Month: March 2019

Best. Mar……….. You Know The Drill!

Oh Boy. I really could get used to this.

1 post every mth, “Best ____ Ever” everytime.

I’d let the stats do the talking:

847) March 2019 ROI

With yesterday’s massive rise, a huge 15.61% portfolio gain in a single day, the ROI has shot up to 37.76% YTD.

NAV sits at USD 606,056.73, crossing the USD 600k mark for the 1st time (For US portfolio), with no capital injections too.

Taking into account a withdrawal of USD16.90, the total net capital gains YTD is… USD 165,001.13! 

EDIT: Did math wrongly. With a withdrawal of USD 16.90, the total net capital gains should be USD 165,018.20!

Obviously, the ride hasn’t been 1 way up though.

The 1 day spike yesterday masked a period of a few tough weeks when the ROI kept dropping (see in chart)

The reason for that is my US portfolio’s huge exposure to Wirecard.

Best. February. Ever.

With the latest report by the esteemed Rajah&Tan, the markets’ fears were proven wrong, and my wirecard positions jumped a cool 26% in a single night.

The numbers being thrown around prior to this were confirmed in the report, and they are puny. A mis statement of 2mil euros ++ for a company with over 2bil euro in revenue….

That’s 3 decimal places. I don’t even know how they are going to restate that in the financials.

But those numbers haven’t changed. What really happened is that the markets are now reassured that this is just a small insignificant event, and not the worst case scenario of widespread fraud that some doomsayers were forecasting.

Since the position is worth 6 digit euros, it added strongly to the outperformance.

37.76%! I mean, I honestly would’ve taken half of that number and closed out the year if you made me that offer at the start of 2019.

37.76% beats almost every professional US fund manager I track. Even Bill Ackman is a tad behind at 31.9%

I’ve sold several calls yesterday to take advantage of the spike in volatility, but the nett position remains a long one. Very much so in fact.

My take is that the share price will continue to rise (it’s slightly red today as some jittery shareholders take profit after yesterday’s rise).

Yet, it’s not smooth sailing. There’s still 1 hump ahead, and I think that relates to Wirecard’s acquisition activities there.
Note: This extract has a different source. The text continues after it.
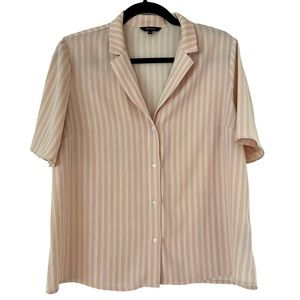 COPY - RW&CO Short Sleeve Button Up Blouse, Size Medium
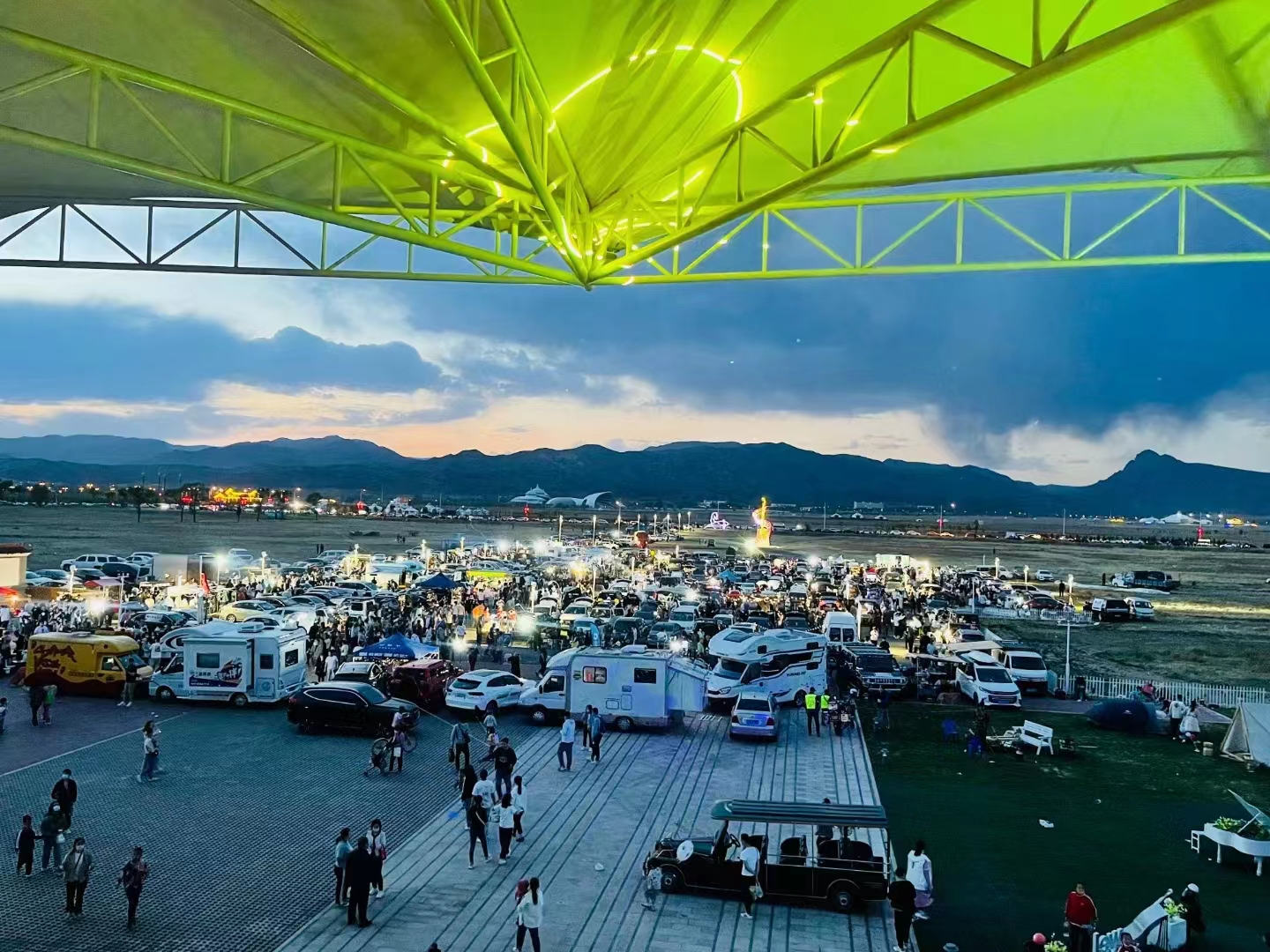 后备箱市集活动.jpg 后备箱市集活动.jpg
I don’t think that has as much coverage as the supposed few million euro restatement, which is curious, cos if anything, that’s potentially a bigger worry to me than this few million euros worth.

In any case, I’ve been keeping busy by looking for the next idea to put some serious capital to work.

As I’ve said before, it usually takes several weeks, or even months, of due diligence, before I start allocating capital, for large, core positions.

That means that in any given year, I’d probably have only… perhaps, 3-4 core, big ideas and I only need to get these right and it’d be a massively good year.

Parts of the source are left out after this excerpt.